The set of Blue Devils who invade Logan Chieftain Stadium on Friday night for Logan’s only home league game of the season bear some similarities to those who beat the Purple & White last week.
“They probably compare a lot to Zanesville,” Burke revealed. “They line up (on offense) in a lot of similar formations. They run a zone-read play that Zanesville ran last week, but they want their quarterback to keep (the ball) as opposed to last week when the quarterback didn’t tend to keep it.
“I thought we did an okay job of defending that play,” he added, but “we continue to struggle with the counter play. We’ve worked on that this week. Even though we haven’t seen a lot of that from Gallipolis, anybody who’s watching film (of the Chiefs) better install that play if they’re going to run the football on us. It’s kind of nice seeing a similar offense two games in a row.”
Misdirection plays run by the opponents’ offense have been a thorn in the Chiefs’ collective sides all season. Taking care of that aspect of the game is part of getting the Chiefs re-focused on their final two games — both on and prior to the Friday nights.
“A little bit of the focus has been taken by our lack of success in situations where we thought we could have been better,” Burke said. “We’ve run the gamut of emotions. We started the season super-duper high and didn’t come out in the ‘W’ column (heartbreaking losses to Lancaster and Teays Valley by a combined total of five points), and being so close and (not getting a win) might have taken its toll on us here and there.
“It’s been a goofy season in this being just the fourth home game and our last one at home,” he continued. “If we come out on top Friday night like we’re perfectly capable of doing, I think the emotions will set in.
“We do some different things on the last home game. Our seniors are allowed to bring somebody with them to go through the pregame experience with them, so those will be moments where it starts to kick in and begins to register that this is the last time they’re going to play here. Hopefully that emotion transfers to the game.”
There’s also been a bit of an adjustment in practice.
“As you get this late in the season, kids know what to do,” Burke pointed out. “They know the offensive and defensive assignments and sometimes things get a little monotonous at this point and time. We’ve done some things this week to re-invigorate us to start out practice.
“And we do have to remember that these are still kids,” he added. “We have to remember to work on these things and those things, but at the same time we’re still dealing with kids. It’s still got to be fun… and that balance is super-hard to achieve.”

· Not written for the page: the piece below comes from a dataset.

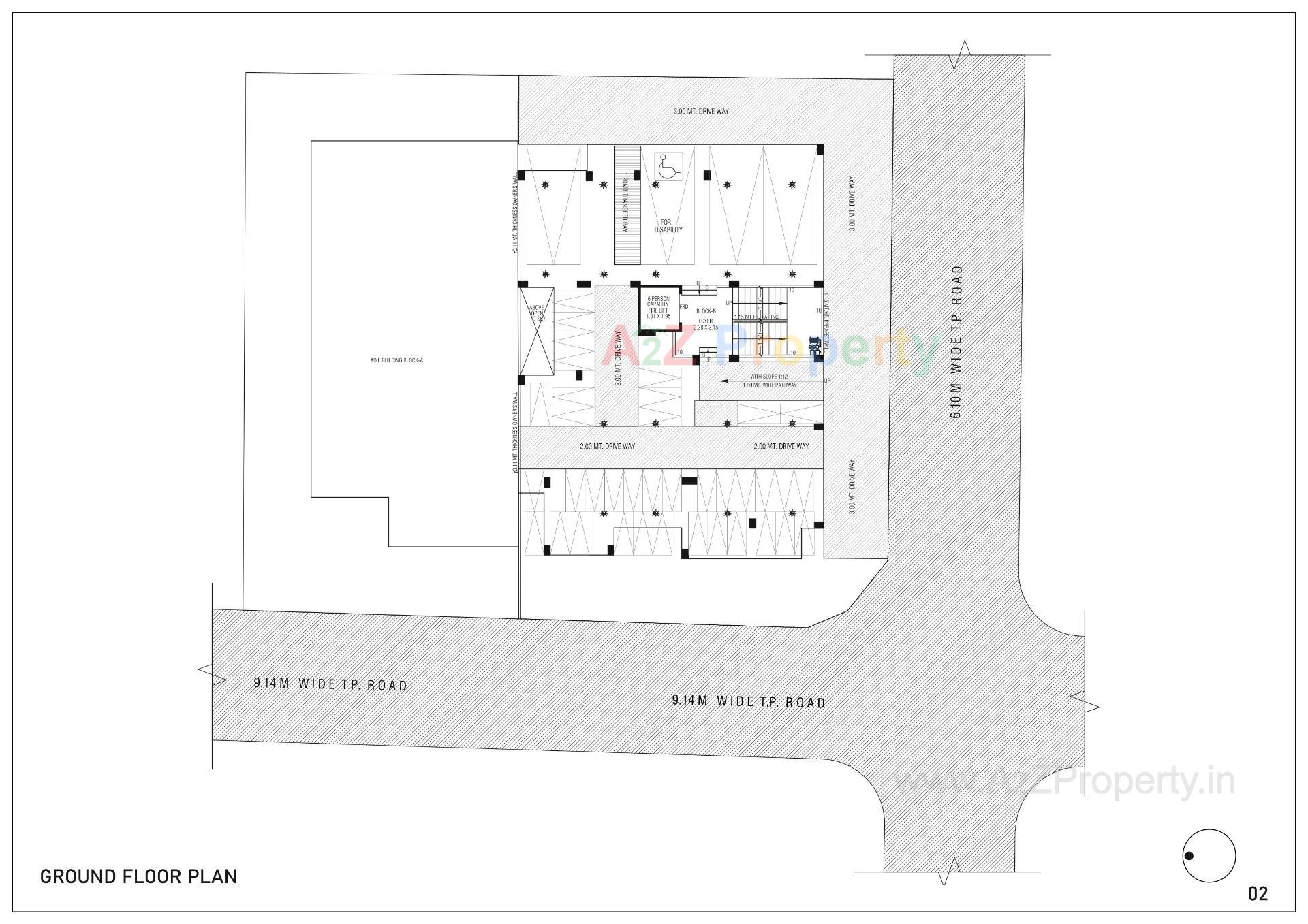 Layout of real estate project Ratnamohan 10 located at Wadaj, Ahmedabad, Gujarat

And, as Baker said in agreeing with his coach, it’s also a matter of working hard the rest of the way to create lifetime memories… and memories from a 5-5 senior season would be more vivid than those from a 3-7 season.
“We want to make memories that we’re all going to remember when we’re 65,” Baker said. “It’s not really a single memory; it’s the total experience. There are so many (thus far) that I really can’t choose just one.”
A couple season-ending wins would certainly help add to that bank of memories later in life.